Platform | Release Date
PC | August 15, 2013
Developed by The Fullbright Company
Published by The Fullbright Company
Investigate the Greenbriar family’s house. Discover the story of what’s happened to them. Go home again.
It is difficult to file Gone Home under any set genre. Part interactive story and part room escape (albeit in reverse), Katie Greenbriar returns on short notice from a year long trip through Europe to find her family’s new home empty. While she was away, life continued for Katie’s parents and sister, Sam. The mansion, inherited from a distant uncle, earns the family sideways glances and hushed whispers from their new neighbors.
Upon reaching the new family home, Katie sees a note from her sister on the front door. Apparently, she’s gone and doesn’t want Katie looking around to find out why. Naturally, this incentivizes anyone with a pulse to dive in headlong to the mystery at hand, but soon you’ll find more letters from Sam in obvious locations hinting at where to go next. It’s a nagging concern throughout the experience; Why am I being led along by someone who doesn’t want me to follow the trail?
The Greenbriar’s new house, the real star of the game, acts as a metaphor for the family living under its roof. Equal parts sprawling and oppressive, it has its own secrets to hide; secrets unveiled with near-perfect pacing. The greatest successes in Gone Home stem from interior design. Someone at Fullbright knew how to direct foot traffic through an enclosed space, because they always seemed to know what room I was going to next. Clues never came out of order, even though I was given access to large swaths of the home at once. Considering I was juggling the dissection of three lives (four if you include Katie herself) it’s impressive that I never felt confused about what was happening.

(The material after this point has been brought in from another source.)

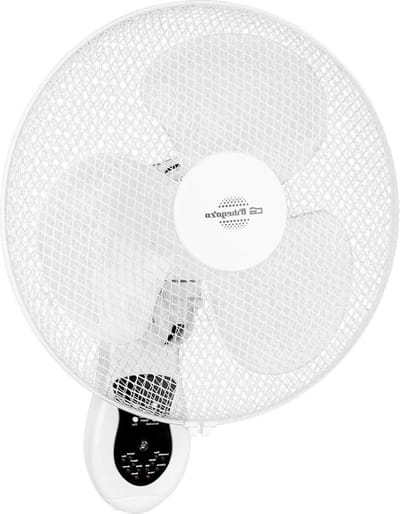 Wall Fan Remote Control 3 Levels Multi-Rotatable Headboard Timer 40 W Plastic - Orbegozo WF0242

Sam serves as the focal character, although through diligent cabinet rummaging Katie will likely piece together what’s been happening in her parents’ lives as well. But where their stories are conveyed entirely through letters, paperwork, and educated guesswork, Sam presents her story through audio diaries. Though superbly voice acted, and entirely necessary to sell the emotional content, these feel continuously out of place. It’s strange to play something so simple and realistic, and then suddenly Sam is talking about her day at school because you picked up a note she’d passed that day. There is an option to turn these audio diaries off, which can potentially bridge this disconnect, but doing so would rob Gone Home of its most genuine moments.
Gone Home is at times whimsical, ominous, and heartbreaking. It scratches the voyeuristic itch in all of us, but in poring through dozens of boxes and cabinets you may find real emotional investment in the characters. If you can suspend disbelief long enough to hear it out, the house has some beautiful stories to tell.